Is the protectiveness not starting to look less like incest and more like a Type A personality's natural reaction to a truly fucked-up situation?

And as this happened during their formative years, it's a habit you won't discard even in the safety of Avengers Mansion. He might not trust unfamiliar people right away, especially as Magneto had presented himself as a savior. He might worry that allowing them to disrespect her will lead to them taking even further liberties. (This isn't so far off, considering that every male in the Avengers seems to go through a point of crushing on Wanda, Wonder Man even going so far as to prevent her husband's restoration to get in her pants. Hell, Hawkeye was willing to sleep with her while she was an amnesiac, which is pretty creepy.) He might not fully trust the robot who was made by their worst enemy to take care of her. He might react very badly to finding out all these people that he learned to trust slowly over time (overcoming the anxieties formed by spending his adolescent years in the Brotherhood working Magneto) are willing to--after not killing Kang, not killing Loki, not killing Dr. Doom and so on--discuss executing his sister while she's ill.

And the incest idea really annoys me because it shows me that either the writer has not actually sat down and considered where Pietro's character comes from, or the writer's just an incredibly cynical person who sees a sexual motive in any closeness between two members of the opposite sex. (I'll give you, this is one place Bendis managed well in House of M. He got where those two were coming from and wrote a tragically devoted relationship without creepy overtones.)

This is without going into the underlying truth of the relationship, which is that for all Pietro's worry and protectiveness, Wanda is the one actually in control. Wanda, the idealist, is the one with the real core of strength here. She's from a traditionalist mindset when it comes to gender, but that doesn't mean she lets her brother push her around. She'll defer to him on some occasions, but more often than not she knows better than to put baby brother in the driver's seat. Pietro's anxiety weakens him, and he has an inherent softness to him. He's an emotional, family-oriented worrywort who tags along to make sure she's safe. Wanda is the one who makes decisions for her own life and happiness, and progresses as a person. He just orbits her. He has no worth in his own mind except for his powers and how he can use them to help his family. That's why after House of M he starts to lose his fucking mind, while she's content to make a a secluded life without him or power. (Yes, even regressed as she was by those two crossovers, she still comes off stronger than her brother.) Part of why he's so zealous to protect her physically is because he can't handle a life on his own. It's a very old world gender dynamic.

Why bring this one up? Because it carried over into the Ultimate Universe. Wanda was the controlling twin. She was the primary decisionmaker. She comforted and supported him emotionally. So, if incest was going to happen, it was actually more on Wanda's head as the stronger in the relationship than on her anxious, needy brother. So the incest angle really tears her to pieces, and reduces the primary relationship in her life to a sexual one. This is especially problematic as Wanda is one of very few female characters in comics who places such importance on a nonsexual relationship.

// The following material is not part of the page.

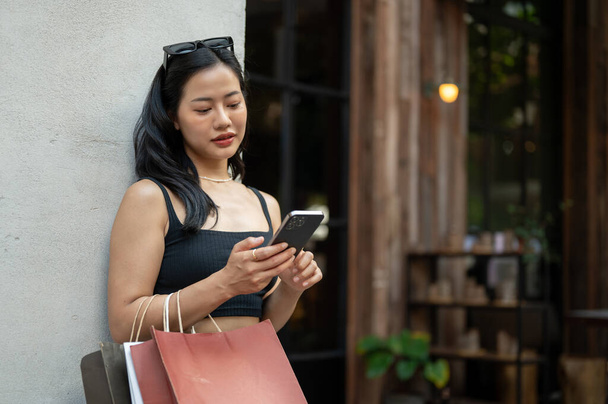 Una hermosa joven asiática en ropa de moda está respondiendo a los mensajes en su teléfono inteligente mientras disfruta de su día de compras en la ciudad. Día de compras, Estilo de vida urbano, Chica de ciudad - Foto, imagen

Of course, I haven't read the actual issue, and the incest may not be Wanda's fault. But that's even worse because then the balance in the relationship between the Maximoffs is thrown out of whack. Pietro (and a version of Pietro that is inherently weaker as a result of Magneto's influence than our beloved mainline basketcase) the physical protector and provider is now also the decisionmaker, and Wanda has no pull whatsoever. Some 21st Century updating of the Avengers.